Environmental Matters

 

General

 

We are subject to various federal, state and local environmental laws and regulations. These laws and regulations primarily relate to discharges into the air and air quality, discharges of effluents into water and the use of water, and the handling and disposal of hazardous substances and wastes. These laws and regulations require a lengthy and complex process for obtaining licenses, permits and approvals from governmental agencies for our new, existing or modified facilities. If we fail to comply with such laws and regulations, we could be fined or otherwise sanctioned by regulators. In addition, under certain laws, we could be responsible for costs relating to contamination at our current and former facilities or at third-party waste disposal sites.
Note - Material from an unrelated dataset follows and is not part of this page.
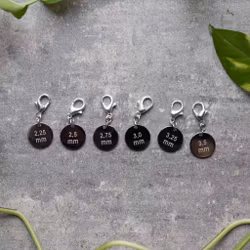 The Knitting Barber Needle tracker - markörer för att komma ihåg storlek på sticka eller virknål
We have incurred and will continue to incur capital and other expenditures to comply with environmental laws and regulations.

 

Environmental laws and regulations affecting power plants are overlapping, complex, subject to changes in interpretation and implementation and have tended to become more stringent over time. Although we believe that we can recover in rates the costs relating to compliance with such laws and regulations, there can be no assurance that we will be able to recover all or any such increased costs from our customers or that our business, consolidated financial condition or results of operations will not be materially and adversely affected as a result of costs to comply with such existing and future laws and regulations.

 

Air Emissions

 

The Clean Air Act, state laws and implementing regulations impose, among other things, limitations on major pollutants, including sulfur dioxide (SO2), particulate matter and nitrogen oxides (NOx).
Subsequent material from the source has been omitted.